Hi Community,
We have this wierd situation where one of the newest splunk installs (3 months old) went out of space - the capacity of the server was 500GB.
When I checked the size of each ondex in GUI, the size were all under limit. The sum of all were under 250 Gb, which made sense as the size of all index is set to 500GB (default). But when I calculated the size of the data models associated with the index, I could see that the data models had used almost 250Gb.
My understanding was that the data models should be also be included under the index capacity, but it seemed be exceeding the limits.
Can anyone please throw some light on this topic?
Regards,
Pravin
DMA data is stored in same location (by default) as the index the accelerated data came from, but is not included in the index size so is not covered by index size limits. When sizing an index, one should leave room on the storage device for DMA or use the tstatsHomePath setting in indexes.conf to put DMA output elsewhere.
Hi @gcusello and @richgalloway,
One final question to get clarity about data models.
Let's assume I have an index that has data retention time of 1 month and a data model acceleration summary for 3 months. How will the data model act in this case.
Will data models have accelerated data that goes until 3 months or will the data models drop the data once the index drops them?
Regards,
Pravin
Hi @_pravin
if you have a minor retention of your data, you can search data on the data model, but if you want to have a drilldown on raw data, it's possible only for a minor period.

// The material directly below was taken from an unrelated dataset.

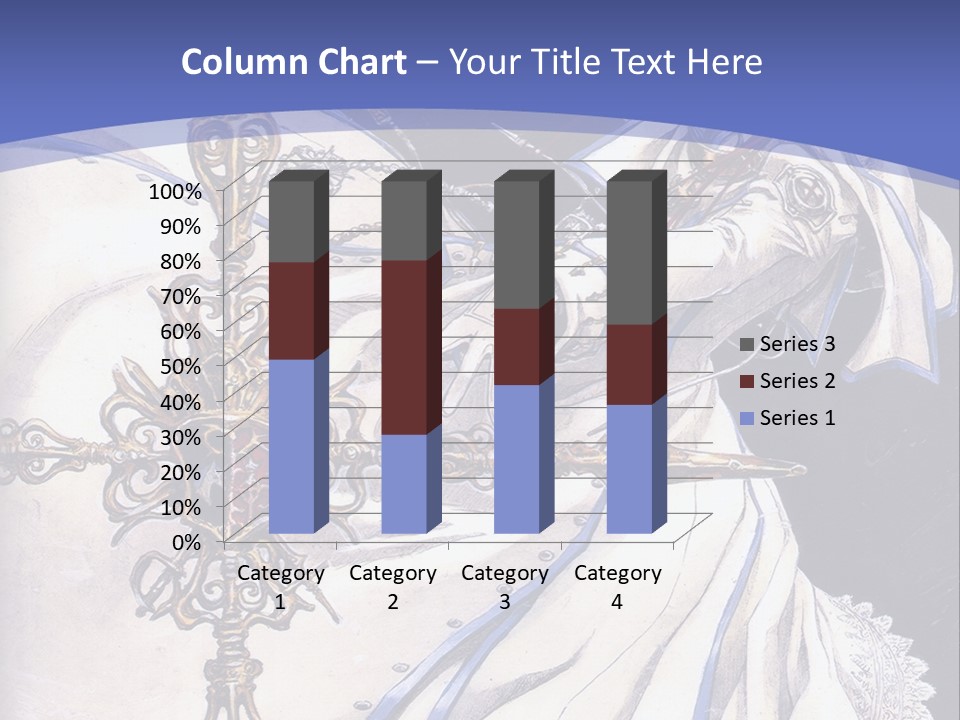 A Woman In A White Dress Holding A Sword PowerPoint Template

Usually it's the contrary: search on data model on a minor or equal period than raw.
Ciao.
Giuseppe
Data models don't hold data past its retention period. To do that, use a summary index.
Hi @_pravin,
no Data Models are calculated in a separated way and, as @richgalloway said, they could be in a different location and have a different retention.

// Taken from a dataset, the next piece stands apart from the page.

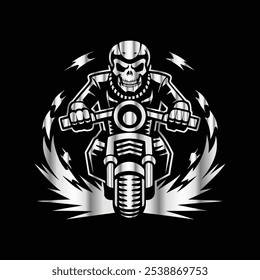 Steel Skull Ride: Vintage Biker Vector with Fierce Skull Rider and Motorcycle Spirit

If you'r data Models use the same space of the index, probably you used in the Data Model also the _raw, and it isn't a best practice, because in the Data Model, you should have only the fields you need for your searches, not all the _raw.
Usually the space occupation for one year of an accelerated DataModel is around the daily license consuption for that index moltiplicated for 3.4.
Ciao.
Giuseppe
Hi @gcusello ,
Our datamodels don't use the same space as in the index so the accelerated data don't have a cap on the limit.
I really liked your extended answer but could you please explain the line below in quotes, I find it a bit confusing.
"Usually the space occupation for one year of an accelerated DataModel is around the daily license consuption for that index moltiplicated for 3.4."
Regards,
Pravin
Hi @_pravin ,
the disk space used for accelerated Data Models is usually calculated with this formula:
disk_space = dayly_used_license * 3.4
this formula is described in the Splunk Architecting training course.
So it's very strange that you have 250GB of index and 250 GB of Data Model.
This is possible only if you configured in your Data Model also the _raw field and this isn't a best practice becase in a Data Model you should have only the fields requested in your searches, not all the _raw of all events.
Ciao.
Giuseppe
Sorry, I meant to say that the size of indexes (index1, index2, index 3, and so on) all together sums upto 250 GB. But the sizing case with datamodels was 250 Gb for 1 on them, 11GB of another, some megabytes for the next one., and so on.
Actually, the datamodel has only the requested field accelrated but the summary range is 1 year. This obviously makes sense for the growing size of data models.
Thanks,
Pravin
DMA data is stored in same location (by default) as the index the accelerated data came from, but is not included in the index size so is not covered by index size limits. When sizing an index, one should leave room on the storage device for DMA or use the tstatsHomePath setting in indexes.conf to put DMA output elsewhere.